Much has been written about Podhoretz—not least by Podhoretz himself, who is author of four volumes of memoir. In Norman Podhoretz: A Biography, forthcoming from Cambridge University Press in June, Thomas L. Jeffers, a professor of English at Marquette University, briskly moves the narrative from the Brownsville section of Brooklyn, where Podhoretz was born in 1930, to Columbia University, where he studied with the literary critic Lionel Trilling, and the University of Cambridge, where he studied with the critic F.R. Leavis. An upstart in the fabled world of the New York intellectuals, the pugnacious and opinionated Podhoretz earned a reputation as—in Norman Mailer’s words—a literary “hanging judge” as a result of his sharply negative reviews in Commentary, Partisan Review, and elsewhere. When the founding editor of Commentary, Elliot Cohen, smothered himself with a plastic bag, Podhoretz was offered the position. From that perch, Jeffers writes, he shaped “the form and often the substance of American public discourse” on politics and culture.

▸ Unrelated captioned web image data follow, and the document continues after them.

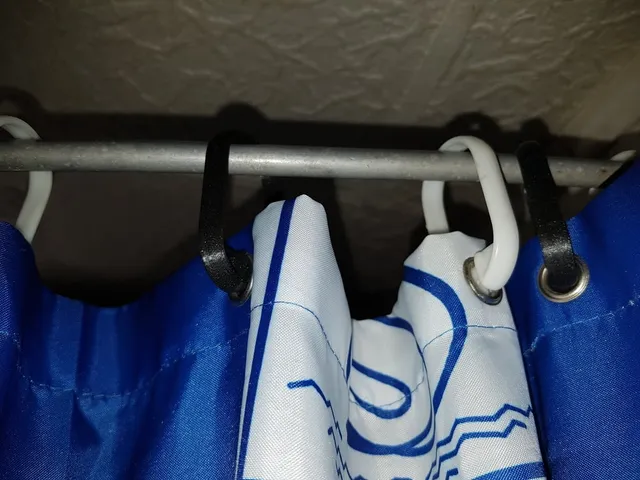 Curtain hook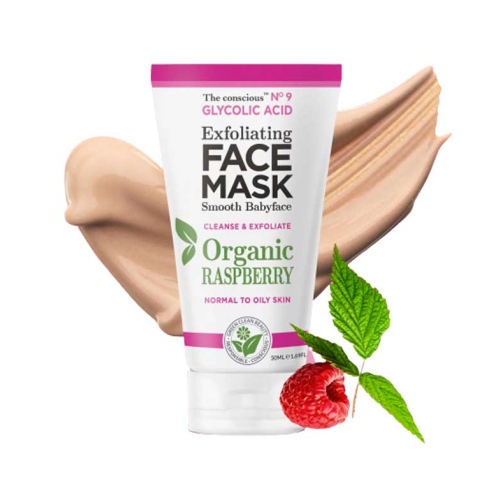Biovène - *The conscious* - Maschera esfoliante all'acido glicolico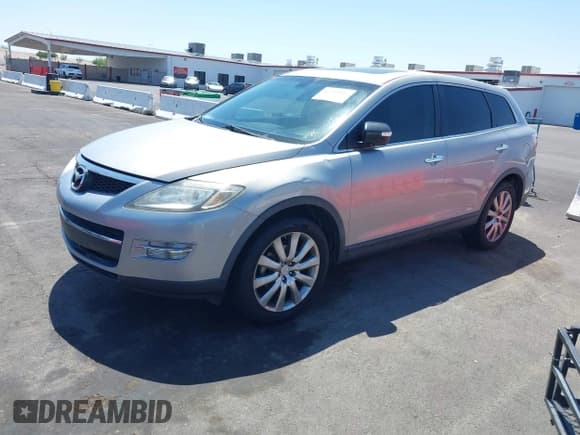 ✅ 2008 Mazda CX-9 Grand Touring • VIN: JM3TB28A180127679 • Lot: 42719916. Wystawiony na IAAI z przebiegiem 111 900 mil. Bezpłatny archiwum sprzedaży aukcyjnych z USA i szczegółowy raport historii pojazdu na DreamBid. Zdjęcie 2.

That outsized impact flowed in large part from Podhoretz’s recoil, beginning in the late 60s, from the New Left—an apostasy that came to be known as neoconservatism. Depending on your view, Podhoretz either exhibited great moral and intellectual courage in rethinking his political assumptions, or he became a zealous and wrong-headed warmonger. Jeffers, who is also editor of The Norman Podhoretz Reader: A Selection of His Writings From the 1950s Through the 1990s (Free Press, 2004), falls squarely in the former camp. Indeed, though the book is billed as a “critical biography,” Jeffers comes across as an admiring acolyte, likening his subject to a “kind of prophet.” (Jeffers also thanks Podhoretz’s wife, Midge Decter, for reading through an early draft of the book.)

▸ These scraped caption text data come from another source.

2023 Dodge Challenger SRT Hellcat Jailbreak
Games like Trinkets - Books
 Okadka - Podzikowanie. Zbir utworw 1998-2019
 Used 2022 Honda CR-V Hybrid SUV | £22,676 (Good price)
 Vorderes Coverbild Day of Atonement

When, in January 1985, a party was held to mark the 25th anniversary of Podhoretz’s editorship, he reflected on his achievements. “Commentary has defended America at a time when America has been under moral and ideological attack. Commentary has defended the Jewish people and the Jewish state when they, too, and for many of the same reasons, have been subjected to a relentless assault on their legitimacy and even their very existence.” Podhoretz continued: “I am proud to have devoted myself so fully to the fight against that threat and the correlative fight for the survival of liberty.”